* What the task requires *
Retype all of the data. Every line must match exactly.

* Data supplied *
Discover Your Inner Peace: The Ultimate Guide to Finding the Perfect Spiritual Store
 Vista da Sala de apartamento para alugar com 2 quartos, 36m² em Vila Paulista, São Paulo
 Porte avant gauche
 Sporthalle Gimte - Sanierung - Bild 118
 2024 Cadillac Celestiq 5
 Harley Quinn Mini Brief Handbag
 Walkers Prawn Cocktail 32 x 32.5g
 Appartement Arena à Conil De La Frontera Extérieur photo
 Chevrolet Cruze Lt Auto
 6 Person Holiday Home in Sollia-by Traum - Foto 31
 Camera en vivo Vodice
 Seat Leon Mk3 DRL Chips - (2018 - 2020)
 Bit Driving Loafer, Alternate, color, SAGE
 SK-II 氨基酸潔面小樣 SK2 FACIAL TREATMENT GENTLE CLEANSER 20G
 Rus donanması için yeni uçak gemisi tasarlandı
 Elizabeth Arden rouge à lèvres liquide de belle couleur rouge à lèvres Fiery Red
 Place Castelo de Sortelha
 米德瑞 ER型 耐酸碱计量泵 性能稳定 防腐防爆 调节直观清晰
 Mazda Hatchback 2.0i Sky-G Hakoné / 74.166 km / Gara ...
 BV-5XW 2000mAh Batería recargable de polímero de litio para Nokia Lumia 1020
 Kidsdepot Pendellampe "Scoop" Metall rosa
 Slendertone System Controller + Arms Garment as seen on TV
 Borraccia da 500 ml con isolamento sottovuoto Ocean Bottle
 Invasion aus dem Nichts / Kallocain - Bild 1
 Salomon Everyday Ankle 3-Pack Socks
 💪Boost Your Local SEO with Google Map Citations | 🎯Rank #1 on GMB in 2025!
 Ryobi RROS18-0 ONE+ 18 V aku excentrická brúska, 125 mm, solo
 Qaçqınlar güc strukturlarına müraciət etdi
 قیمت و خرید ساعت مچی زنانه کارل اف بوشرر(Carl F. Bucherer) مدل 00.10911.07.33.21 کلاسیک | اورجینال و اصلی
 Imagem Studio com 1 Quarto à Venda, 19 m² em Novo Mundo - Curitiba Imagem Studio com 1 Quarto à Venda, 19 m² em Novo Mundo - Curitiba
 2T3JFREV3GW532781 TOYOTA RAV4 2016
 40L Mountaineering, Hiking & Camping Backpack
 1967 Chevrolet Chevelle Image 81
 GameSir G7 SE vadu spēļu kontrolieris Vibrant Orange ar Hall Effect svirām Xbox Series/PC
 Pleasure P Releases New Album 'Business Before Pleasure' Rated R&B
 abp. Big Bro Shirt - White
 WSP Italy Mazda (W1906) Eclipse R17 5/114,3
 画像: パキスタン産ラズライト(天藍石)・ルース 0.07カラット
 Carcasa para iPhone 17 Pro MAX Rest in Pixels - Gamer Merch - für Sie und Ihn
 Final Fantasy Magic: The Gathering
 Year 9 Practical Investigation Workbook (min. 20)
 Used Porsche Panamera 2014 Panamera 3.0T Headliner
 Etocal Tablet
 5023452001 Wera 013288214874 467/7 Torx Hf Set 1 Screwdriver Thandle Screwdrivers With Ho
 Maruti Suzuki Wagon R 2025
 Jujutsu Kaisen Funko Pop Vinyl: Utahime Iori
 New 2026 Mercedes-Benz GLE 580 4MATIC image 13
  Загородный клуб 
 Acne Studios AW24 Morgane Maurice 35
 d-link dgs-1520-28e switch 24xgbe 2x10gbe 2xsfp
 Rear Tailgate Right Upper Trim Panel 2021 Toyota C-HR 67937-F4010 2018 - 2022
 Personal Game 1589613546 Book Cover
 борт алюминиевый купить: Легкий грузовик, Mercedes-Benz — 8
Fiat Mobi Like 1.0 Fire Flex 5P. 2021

* Result of this exercise *
Discover Your Inner Peace: The Ultimate Guide to Finding the Perfect Spiritual Store
 Vista da Sala de apartamento para alugar com 2 quartos, 36m² em Vila Paulista, São Paulo
 Porte avant gauche
 Sporthalle Gimte - Sanierung - Bild 118
 2024 Cadillac Celestiq 5
 Harley Quinn Mini Brief Handbag
 Walkers Prawn Cocktail 32 x 32.5g
 Appartement Arena à Conil De La Frontera Extérieur photo
 Chevrolet Cruze Lt Auto
 6 Person Holiday Home in Sollia-by Traum - Foto 31
 Camera en vivo Vodice
 Seat Leon Mk3 DRL Chips - (2018 - 2020)
 Bit Driving Loafer, Alternate, color, SAGE
 SK-II 氨基酸潔面小樣 SK2 FACIAL TREATMENT GENTLE CLEANSER 20G
 Rus donanması için yeni uçak gemisi tasarlandı
 Elizabeth Arden rouge à lèvres liquide de belle couleur rouge à lèvres Fiery Red
 Place Castelo de Sortelha
 米德瑞 ER型 耐酸碱计量泵 性能稳定 防腐防爆 调节直观清晰
 Mazda Hatchback 2.0i Sky-G Hakoné / 74.166 km / Gara ...
 BV-5XW 2000mAh Batería recargable de polímero de litio para Nokia Lumia 1020
 Kidsdepot Pendellampe "Scoop" Metall rosa
 Slendertone System Controller + Arms Garment as seen on TV
 Borraccia da 500 ml con isolamento sottovuoto Ocean Bottle
 Invasion aus dem Nichts / Kallocain - Bild 1
 Salomon Everyday Ankle 3-Pack Socks
 💪Boost Your Local SEO with Google Map Citations | 🎯Rank #1 on GMB in 2025!
 Ryobi RROS18-0 ONE+ 18 V aku excentrická brúska, 125 mm, solo
 Qaçqınlar güc strukturlarına müraciət etdi
 قیمت و خرید ساعت مچی زنانه کارل اف بوشرر(Carl F. Bucherer) مدل 00.10911.07.33.21 کلاسیک | اورجینال و اصلی
 Imagem Studio com 1 Quarto à Venda, 19 m² em Novo Mundo - Curitiba Imagem Studio com 1 Quarto à Venda, 19 m² em Novo Mundo - Curitiba
 2T3JFREV3GW532781 TOYOTA RAV4 2016
 40L Mountaineering, Hiking & Camping Backpack
 1967 Chevrolet Chevelle Image 81
 GameSir G7 SE vadu spēļu kontrolieris Vibrant Orange ar Hall Effect svirām Xbox Series/PC
 Pleasure P Releases New Album 'Business Before Pleasure' Rated R&B
 abp. Big Bro Shirt - White
 WSP Italy Mazda (W1906) Eclipse R17 5/114,3
 画像: パキスタン産ラズライト(天藍石)・ルース 0.07カラット
 Carcasa para iPhone 17 Pro MAX Rest in Pixels - Gamer Merch - für Sie und Ihn
 Final Fantasy Magic: The Gathering
 Year 9 Practical Investigation Workbook (min. 20)
 Used Porsche Panamera 2014 Panamera 3.0T Headliner
 Etocal Tablet
 5023452001 Wera 013288214874 467/7 Torx Hf Set 1 Screwdriver Thandle Screwdrivers With Ho
 Maruti Suzuki Wagon R 2025
 Jujutsu Kaisen Funko Pop Vinyl: Utahime Iori
 New 2026 Mercedes-Benz GLE 580 4MATIC image 13
  Загородный клуб 
 Acne Studios AW24 Morgane Maurice 35
 d-link dgs-1520-28e switch 24xgbe 2x10gbe 2xsfp
 Rear Tailgate Right Upper Trim Panel 2021 Toyota C-HR 67937-F4010 2018 - 2022
 Personal Game 1589613546 Book Cover
 борт алюминиевый купить: Легкий грузовик, Mercedes-Benz — 8
Fiat Mobi Like 1.0 Fire Flex 5P. 2021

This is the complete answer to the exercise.